Nella notte di Pasqua del 387 dopo Cristo, a Milano, il vescovo Ambrogio battezza Agostino, l'intellettuale di Tagaste (l'odierna Souk Arhas in Algeria), che diventerà vescovo di Ippona e che influenzerà la cultura europea con il suo pensiero, come del resto l'opera di Ambrogio darà un'impronta ai rapporti Chiesa-potere politico nel segno della reciproca autonomia. Quella solenne liturgia celebrata nella speranza che Cristo risorga, che la morte sia vinta e si compia la promessa di rinascita, è evento sul crinale tra due epoche. Il mondo antico collassa, l'Impero si sgretola tra congiure di palazzo, guerre che prosciugano le casse statali, inflazione, carestie, disastri economici, invasioni, spinte secessioniste. E il nuovo, che pur c'è, annunciato da scossoni e spinte, da trasformazioni concrete anche se difficili da leggere, stenta ad affermarsi.

 

Paolo Caliari

Paolo Caliari è meglio noto come "Veronese" termine questo che indica la sua città di origine, Verona, anche gran parte della sua carriera artistica si espresse a Venezia. Figlio di un Gabriele scalpellino, già nel 1541 era discepolo e aiuto pittore di Antonio Badile. Al 1548 risale la sua prima opera di un certo impegno nota come Pala Bevilacqua-Lazise. A cavallo della prima metà del Cinquecento Veronese lavorò dapprima a Castelfranco per i nobili Soranzo (1551) e successivamente per il cardinale Ercole Gonzaga a Mantova (1552).

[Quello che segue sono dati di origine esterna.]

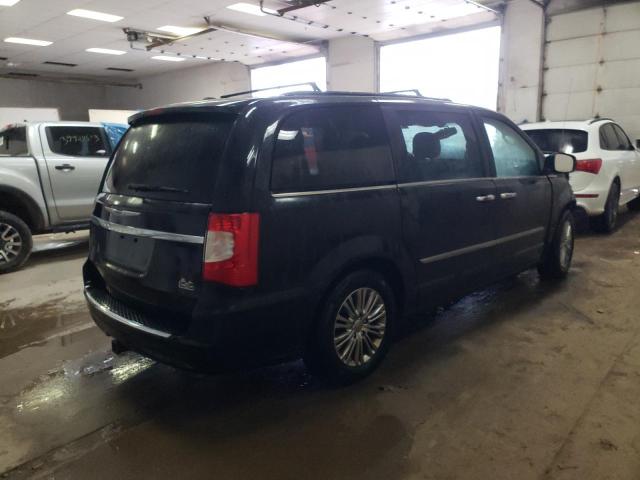 2C4RC1CG4GR177230 - 2016 CHRYSLER TOWN & COU TOURING L BLACK photo 3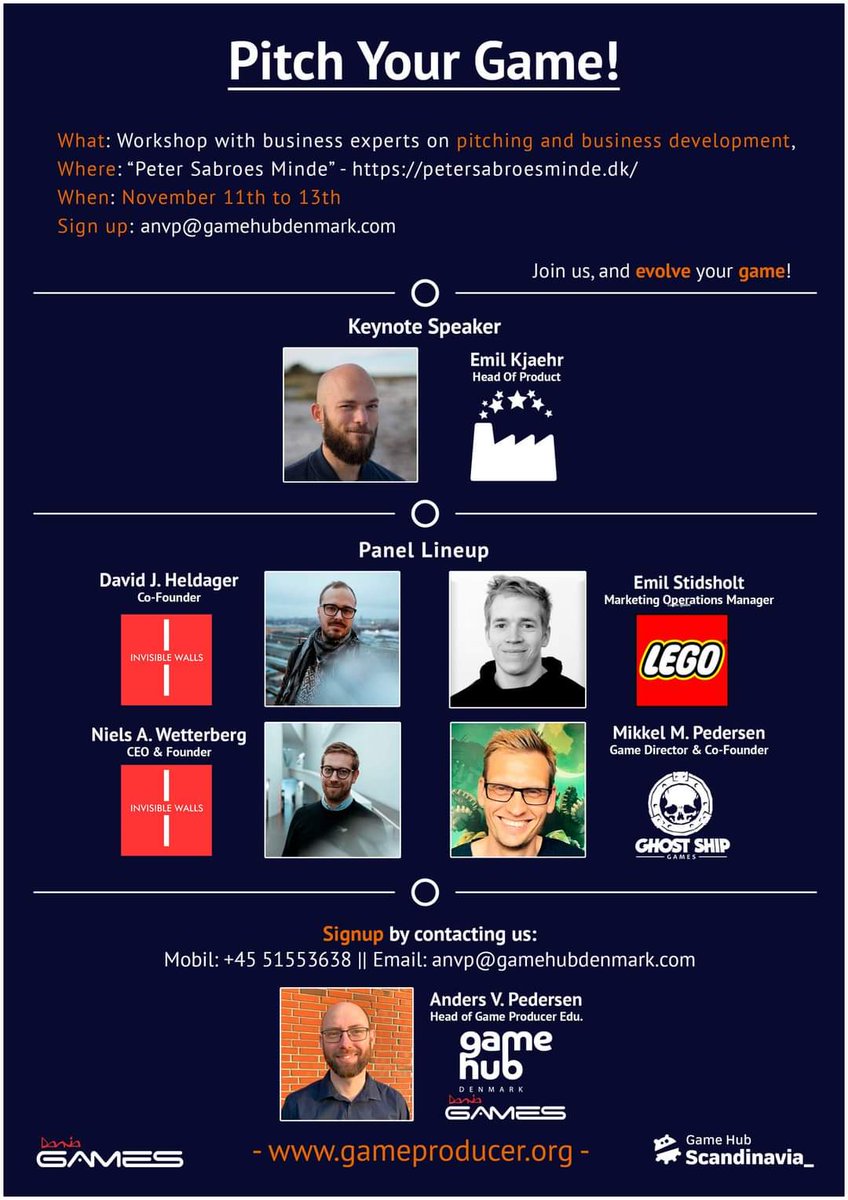 DaniaGames's tweet photo. Remember Early Bird ends on monday the 17th of October! 📣📣📣 https://t.co/N7P56frfas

Esaurite le commesse si trasferì subito a Venezia dove prestò la sua opera per il Palazzo Ducale (1553). Ritornò nella città natale per un breve periodo di pochi anni e infine nel 1556 si trasferì definitivamente a Venezia, dove partecipò alla decorazione del soffitto della Biblioteca Marciana.

A Venezia rimase fino alla morte, anche se accettò vari incarichi fuori città (Villa Barbaro a Maser, 1561, pale per Padova, Verona, Vicenza). Nel 1566 aveva sposato Elena Badile, figlia di Antonio, da cui ebbe, tra i numerosi figli, Gabriele (nato nel 1568) e Carletto (1570-1596) che con il fratello Benedetto furono i suoi principali collaboratori nella bottega di famiglia.